The effects of chronic illness are felt not only in academic life, but also in social life. Having a chronic illness can be so exhausting day-to-day that, by the time the weekend comes around, it’s sometimes hard to muster up the energy to go out. Amanda Rhine, who has Common Variable Immune Disorder, talked about how it’s sometimes hard to keep up. “My friends [would] say, ‘let’s go out, let’s do this, let’s do that,’ and for the first few years, I just couldn’t. I needed the sober sleep.” And when friends get sick, it can be dangerous for people with chronic illness who are immunocompromised to be around them: “Everybody in my hall would be getting a cold,” Amanda said, “but I would be getting sinus infections and bronchitis.”

Despite the challenges ill students face, many suppress their chronic illnesses and genetic disorders—many of which are already invisible—in order to appear normal. Each student I talked to made efforts to minimize the effects of their genetic difference. “Chronic illness is something that’s just not talked about,” said Amanda. Gemma had similar feelings: “Even a lot of my close friends here have no idea that I have any type of disorder because I don’t talk about it. It’s just not something that’s talked about at college.” Maybe we feel the need to cover up our illnesses because we’re afraid we won’t be supported by our peers, professors, and school. I have so much trouble asking for help because I fear being viewed as lazy, inadequate, and insufficient. We need to break down the stigma attached to physical illness, and we can begin that process by having conversations and supporting our friends who choose to open up.
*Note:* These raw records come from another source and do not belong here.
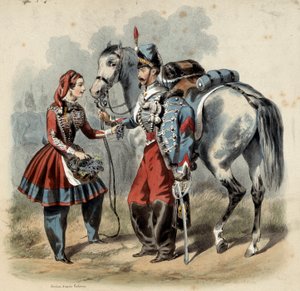 El ejército francés y sus cantineras: Húsar y cantinera de tropa de línea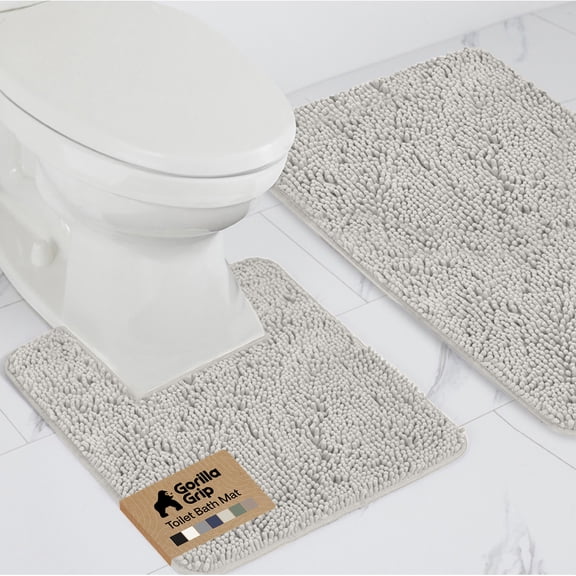GORILLA GRIP Bathroom Rug and Toilet Base Floor Rugs Set, Quick Dry Plush Chenille, 30x20 Carpet, Light Gray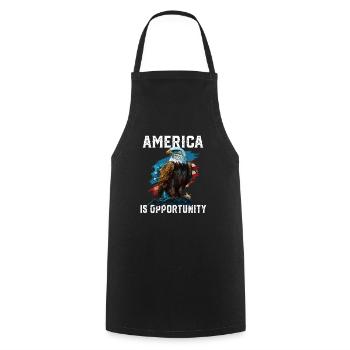 America Is Opportunity American Bald Eagle July 4 - Cooking Apron - black - Front - AI Model Male 185 dark (185cm)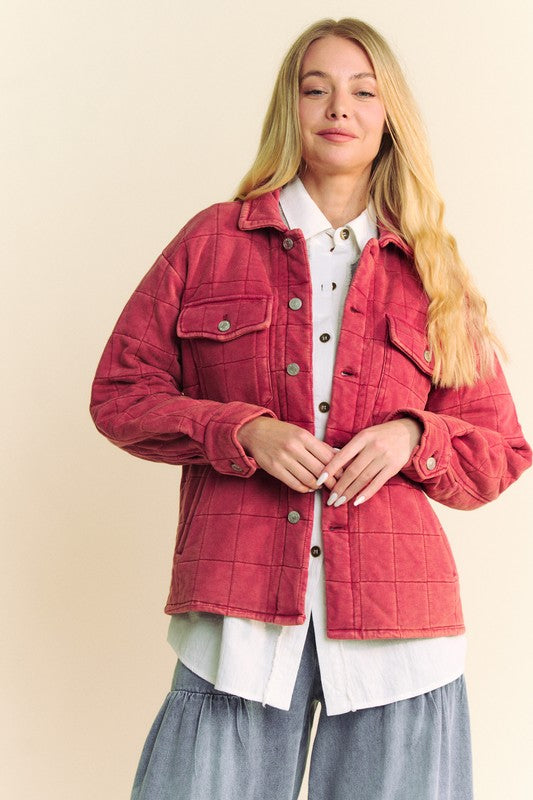 Quilted Button Down Shacket with Chest Pockets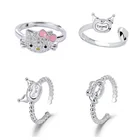 Kawaii Sanrio мультяшное кольцо Kitty Kuromi My Melody Cinnamoroll милое регулируемое кольцо с кристаллами ожерелье аксессуары Игрушки для девочек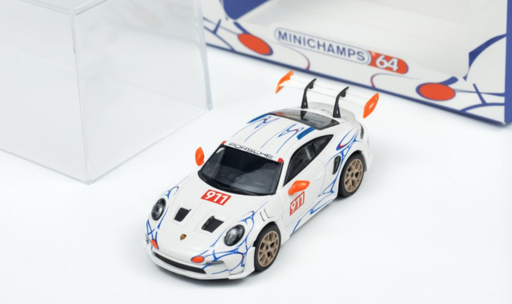 1/64 Minichamps Porsche 911 992 GT3 RS 2024 White with Orange Accents 643062120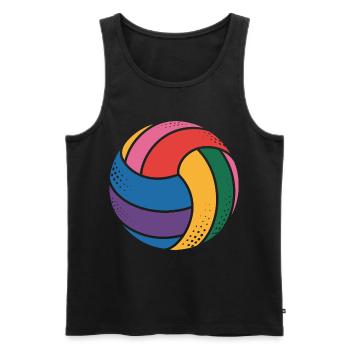 Volley-ball coloré pour les amateurs de sport - Débardeur bio Premium Homme - noir - Devant - Michal (187cm)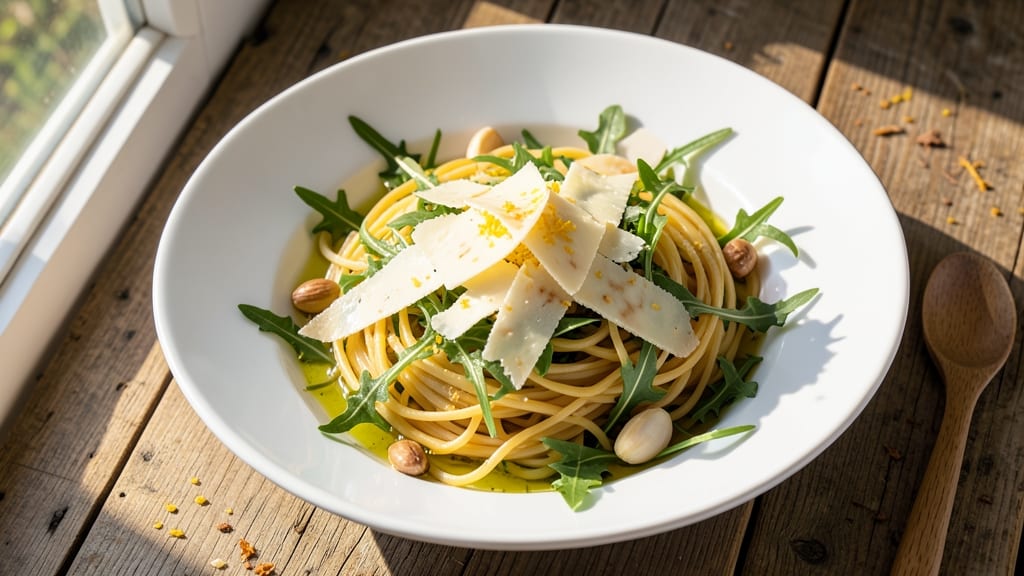 Capellini with Asiago Salad Recipe: Al Dente Pasta Meets Creamy Cheese Crunch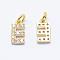 Brass Micro Pave Grade AAA Cubic Zirconia Charms, Letter E, Cadmium Free & Nickel Free & Lead Free, Real 18K Gold Plated, 9x4.5x1.5mm, Hole: 2mm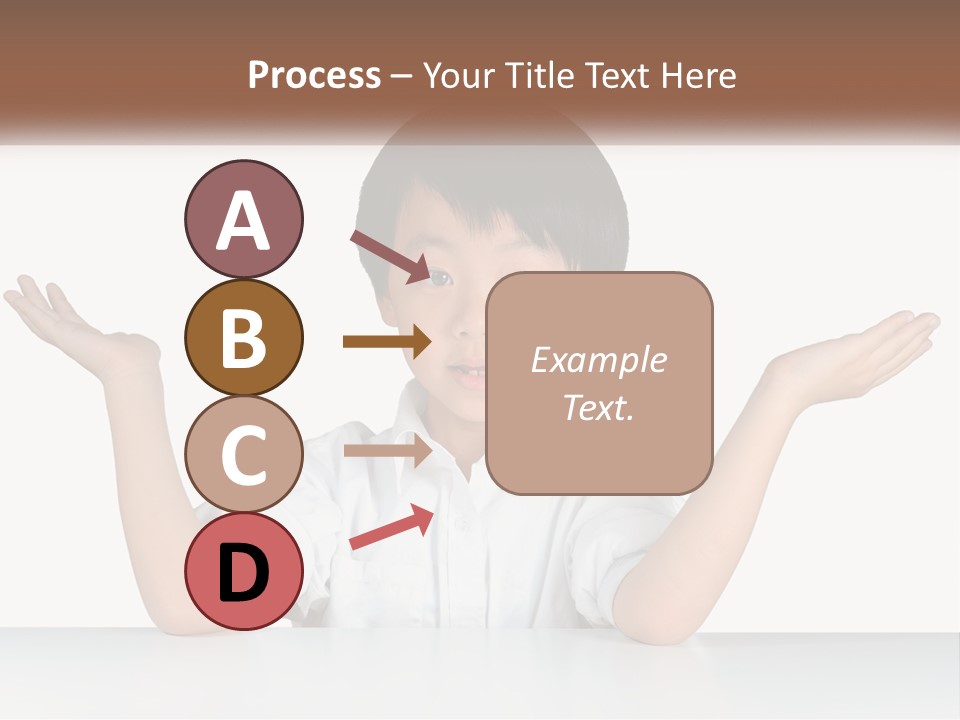 A Young Boy Sitting At A Table With His Hands Out PowerPoint Template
So let’s talk about physical illness and genetic disorders. Let’s talk about all the different ways our bodies work. Let’s stop teasing our friends if they are too tired to go out and let’s stop holding on to this idea that we must do everything, all the time, to be successful. Let’s let go of our ableist assumptions about people, and our assumption that appearance of health means . When someone says they are sick, believe them even if they don’t look like your visualization of illness. Let’s talk. Tell me about your illnesses, your differences, your disorders, and I’ll tell you about my morning routine.